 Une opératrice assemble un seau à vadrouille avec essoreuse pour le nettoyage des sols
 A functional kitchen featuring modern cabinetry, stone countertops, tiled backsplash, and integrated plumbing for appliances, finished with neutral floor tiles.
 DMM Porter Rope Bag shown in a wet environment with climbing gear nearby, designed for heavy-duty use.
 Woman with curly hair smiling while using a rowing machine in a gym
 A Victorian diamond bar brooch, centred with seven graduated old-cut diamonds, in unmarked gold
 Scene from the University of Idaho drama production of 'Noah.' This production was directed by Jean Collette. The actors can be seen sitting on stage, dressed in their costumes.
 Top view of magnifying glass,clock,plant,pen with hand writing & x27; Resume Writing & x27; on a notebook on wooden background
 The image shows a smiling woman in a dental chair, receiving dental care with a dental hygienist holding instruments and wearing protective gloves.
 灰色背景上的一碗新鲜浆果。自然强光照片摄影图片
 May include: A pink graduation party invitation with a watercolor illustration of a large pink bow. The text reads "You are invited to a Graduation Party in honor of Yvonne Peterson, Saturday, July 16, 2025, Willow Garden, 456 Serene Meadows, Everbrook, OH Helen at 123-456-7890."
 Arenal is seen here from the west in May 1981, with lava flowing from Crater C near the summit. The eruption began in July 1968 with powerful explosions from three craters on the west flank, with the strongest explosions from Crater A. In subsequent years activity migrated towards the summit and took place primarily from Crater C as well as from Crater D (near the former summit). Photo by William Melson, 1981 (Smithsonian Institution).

•••••

→ **Task to carry out**
Copy out each line of the listing that holds the string "smiling".

→ **Exercise solution**
 Woman with curly hair smiling while using a rowing machine in a gym
 The image shows a smiling woman in a dental chair, receiving dental care with a dental hygienist holding instruments and wearing protective gloves.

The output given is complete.